After the operation, the hospital stay is generally less than a week, depending on the type of hysterectomy and whether there are any complications. Since a hysterectomy is a major operation, discomfort and pain from the surgical incision are most pronounced during the first few days after surgery. Medication is available to minimize these symptoms. By the second or third day, most patients are up walking. Normal activity can usually be resumed in four to eight weeks and sexual activity can usually be resumed in six to eight weeks.

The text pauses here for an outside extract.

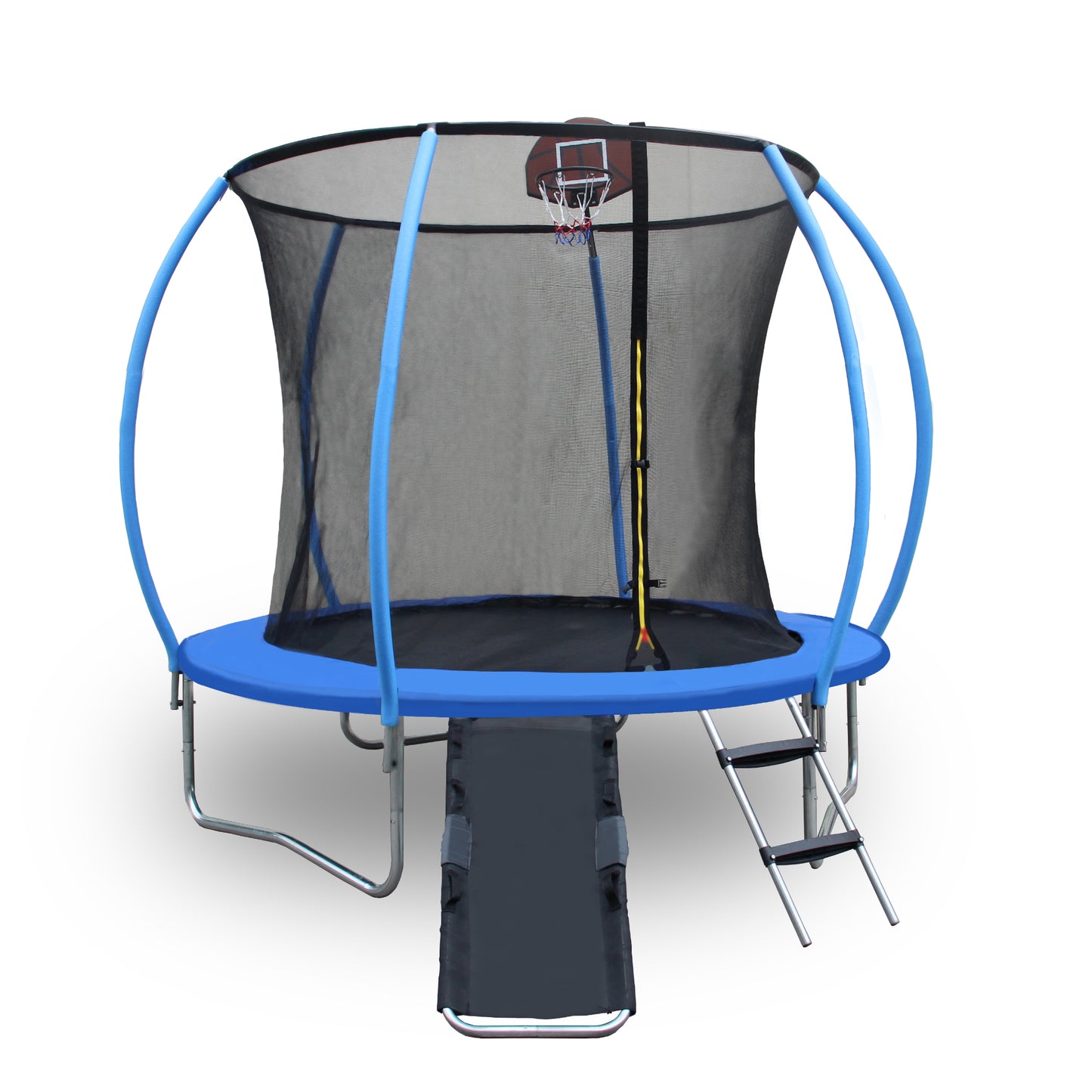 SHINPT Trampoline with Enclosure Net, Recreational Trampolines with Ladder and Anti Rust Coating, Kid's Rebounder Outdoor Trampoline, Pumpkin-shaped Trampoline with Slide and Basket Board for Garden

Since the 1800's, attempts using various treatments have been made to control uterine bleeding by means other than hysterectomy. Alternative methods include chemicals, steam, ionizing radiation, lasers, electrocautery, cryosurgery and others. The long-term risk for such procedures is quite high and may lead to other more serious complications such as mixed mesodermal tumors or uterine cancer.
Typical therapy or treatment options include drug therapy, followed by dilation and curettage (D & C), endometrial ablation, and, as a last resort, hysterectomy. Drug therapy is generally the first treatment option employed to treat excessive bleeding. Birth control pills, progestin, danazol and gonadotropin-releasing hormone (GnRH) are a few examples of drug treatments prescribed to reduce bleeding. In general, birth control pills contain synthetic forms of estrogen and progesterone, which prevent ovulation and, thereby, reduce endometrial build-up or thickness. As a result, pill users normally have lighter or minimal menstrual bleeding. Progestin, another synthetic form of progesterone, balances the effects of estrogen normally produced by the body and, similar to the pill, reduces endometrial growth. Often, Danazol and other GnRH agents are prescribed to suppress estrogen production and ovulation. As a result, menstrual bleeding stops or is significantly reduced. However, side-effects of such treatments may include bloating, breast tenderness, increased risk of osteoporosis and high cholesterol.
D & C, frequently a second treatment option for excessive bleeding, is a very common, minor surgical procedure that is generally performed on an outpatient basis in a hospital. Usually, the patient is given a general anesthetic, although the procedure occasionally is performed using only a local anesthetic. The dilation step of the procedure involves dilating or stretching the cervix, which is the lower part of the uterus. Once the cervix is appropriately dilated, the curettage step can then be performed. During curettage, a curette (a spoon-shaped instrument) is inserted through the vagina, past the cervix and into the uterus. The curette is then used to scrape and/or collect tissue from the inside surfaces of the uterus.
Endometrial ablation has become more popular and has been offered as another alternative treatment to hysterectomy for patients suffering from menorrhagia. In 1996, 179,000 ablation procedures were performed, up from 49,000 in 1993. This technique is intended to permanently ablate all layers of the endometrium and allow the cavity to become lined with fibrous tissue.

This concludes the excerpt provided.